◆ Information given:
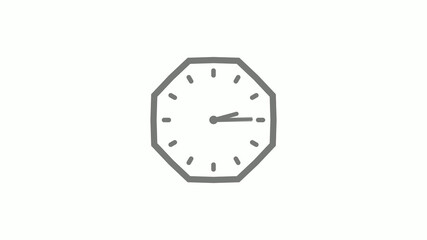 Counting down gray color clock icon on white background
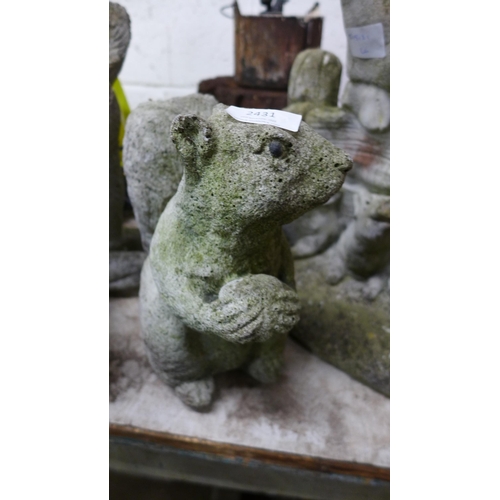 2431 - Pigs, deer and squirrel garden ornaments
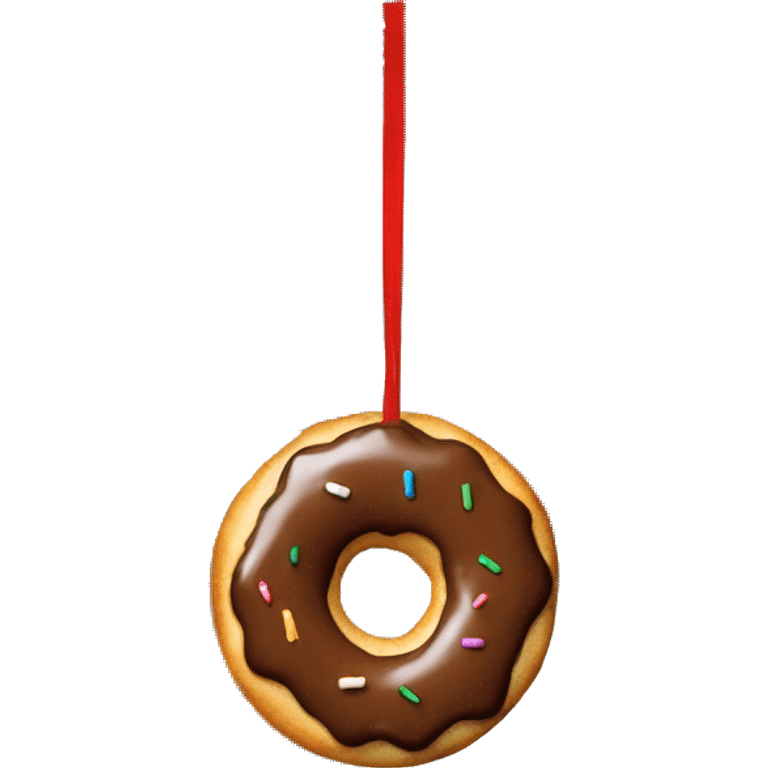 A donut is hanging on the Christmas tree emoji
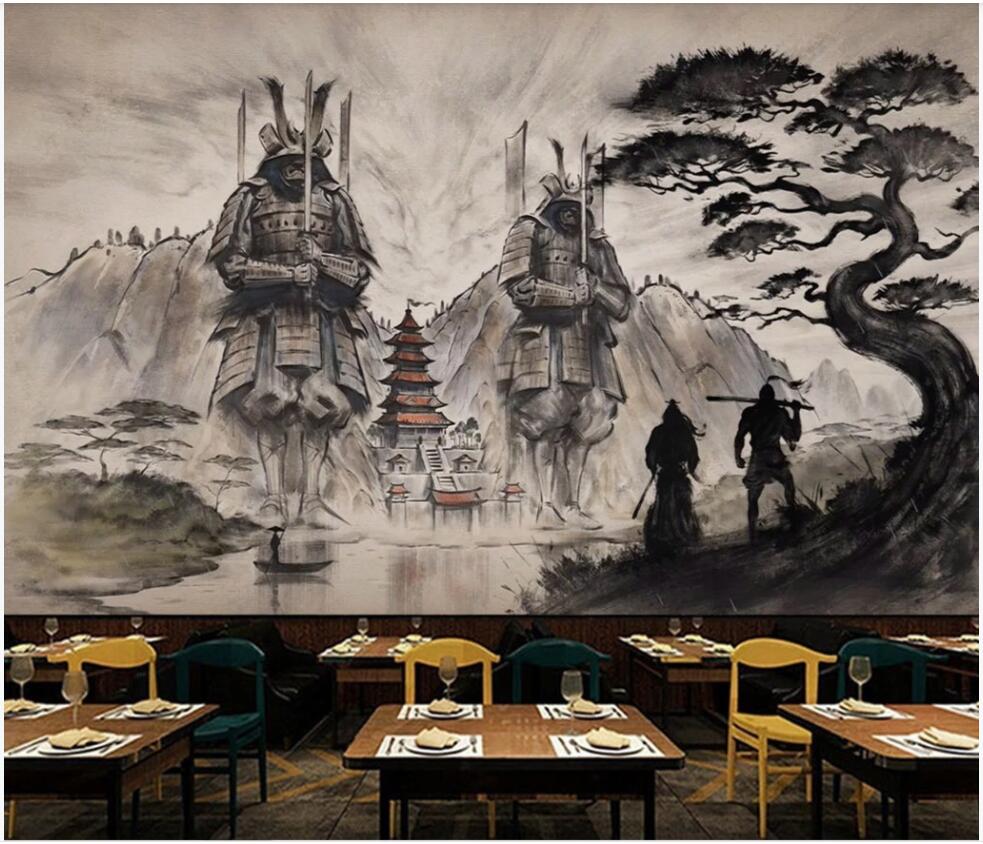 

custom mural photo wallpaper 3d Japanese Ukiyo-e Samurai Temple Restaurant Tooling home decor wall papers in the living room, Non-woven wallpaper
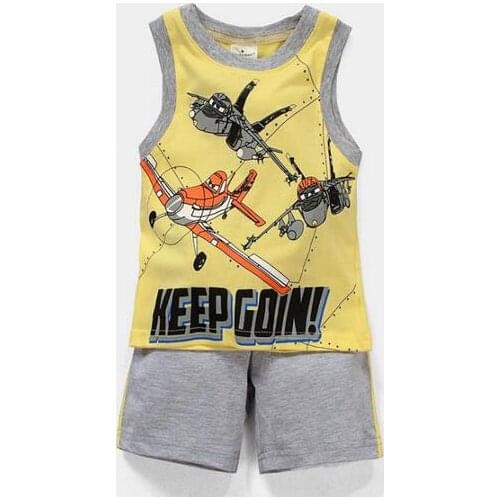 New Design YELLOW Sleeveless Vest and Shorts 2PCS Kids Baby Pajamas Cosy Set Boy Girls Cotton Pijamas set Sleepwear Underwear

◆ Requirement:
Copy exactly what appears from the line holding "custom mural photo" to the end of the material, keeping both end lines. Pictures are not part of the copy.

◆ Response for this exercise:
custom mural photo wallpaper 3d Japanese Ukiyo-e Samurai Temple Restaurant Tooling home decor wall papers in the living room, Non-woven wallpaper
 New Design YELLOW Sleeveless Vest and Shorts 2PCS Kids Baby Pajamas Cosy Set Boy Girls Cotton Pijamas set Sleepwear Underwear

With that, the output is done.